The company made its own new friend just two months later, when it signed an agreement with Century Sage Scientific, which took over the operation of Luo’s account on the livestreaming platform Douyin, China’s version of TikTok. The next year, Hong Kong-listed Century Sage acquired 100% of Be Friends and changed its own name to Be Friends Holding Ltd., effectively completing a backdoor listing for the livestreaming e-commerce operation.
But the problem remained of how to maintain its growth after losing its star anchor. The answer so far is threefold: adopting a matrix-based operation, using a multi-platform strategy and through the adoption of new technologies.
The matrix-based operation lies at the center of its new model. Vice president Cui Dongsheng pointed out last year that the company had cured itself of the “single leading anchor” reliance by putting in place a “vertical matrix-based operation model” consisting of a range of product segments like cosmetics, drinks, sports and home appliances. Revenue from Luo’s two primary accounts now accounts for less than 3% of the total, the company says, signaling it has transformed from “Luo Yonghao’s livestreaming room” to the “Be Friends Matrix.”

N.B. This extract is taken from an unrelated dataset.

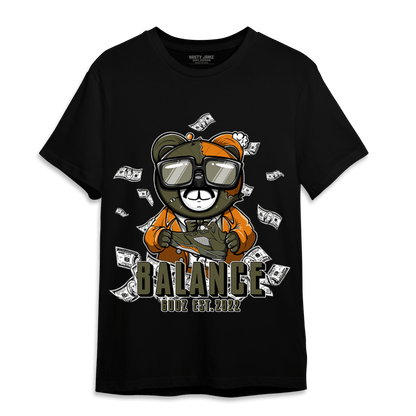 Olive 5s T Shirt Match Men BER - NastyJamz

The second prong in its transformation is the company’s multi-platform strategy. Besides Douyin, Be Friends has set up on other livestreaming platforms, including Alibaba’s Taobao and JD.com, and Baidu’s Youxuan, as part of its diversification efforts.
Virtual AI anchor
Lastly, Be Friends is trying to move past Luo Yonghao by harnessing the power of AI and other new technologies. The company continues to invest in its “Friends Cloud” system with an aim of creating a digital platform that combines goods selection, distribution and other operations, ultimately boosting its own efficiency. During this year’s June 18 online shopping festival in China, the company launched a digital avatar version of “Luo Yonghao’s livestreaming,” whose first session lasted 6.5 hours, got over 13 million views and generated 55 million yuan in GMV. Still, the continued need for Luo’s digital avatar highlights the reality that even with AI’s help the company is still somewhat reliant on its former celebrity host.
At the same time, Be Friends is also trying to develop and sell its own goods and take a more hands-on approach to supply chain management, hoping such steps can stabilize its tumbling gross margin.
Investors didn’t seem too impressed with the results from Be Friends in its new form, with the stock falling about 4% the day after the midyear report’s release, leaving it down over 10% year-to-date. The shares currently trade at a very so-so price-to-sales (P/S) ratio of just 1.02 times. That’s well below the 6 times for East Buy, which is also trying to figure out its own way forward after its blowup last year with Dong Yuhui.
East Buy isn’t doing much better, recently reporting a net profit from continuing operations of only 6.19 million yuan for its latest fiscal year through May. The company is in the process of “de-Dong”-ing itself and shifting towards selling private label goods in a membership format, positioning itself as an online version of Walmart’s popular Sam’s Club.
Be Friends started its de-personalization process earlier and its matrix-based operation model and multi-platform strategy are already taking shape. But while its revenue has stabilized, higher traffic acquisition costs have eaten into its profitability and it has yet to find a relatively greenfield area like East Buy. The two companies are on different courses as they find their way forward. But their similar difficulties testify to what’s shaping up as a new basic fundamental principle for the livestreaming e-commerce business, namely avoiding overreliance on individual hosts.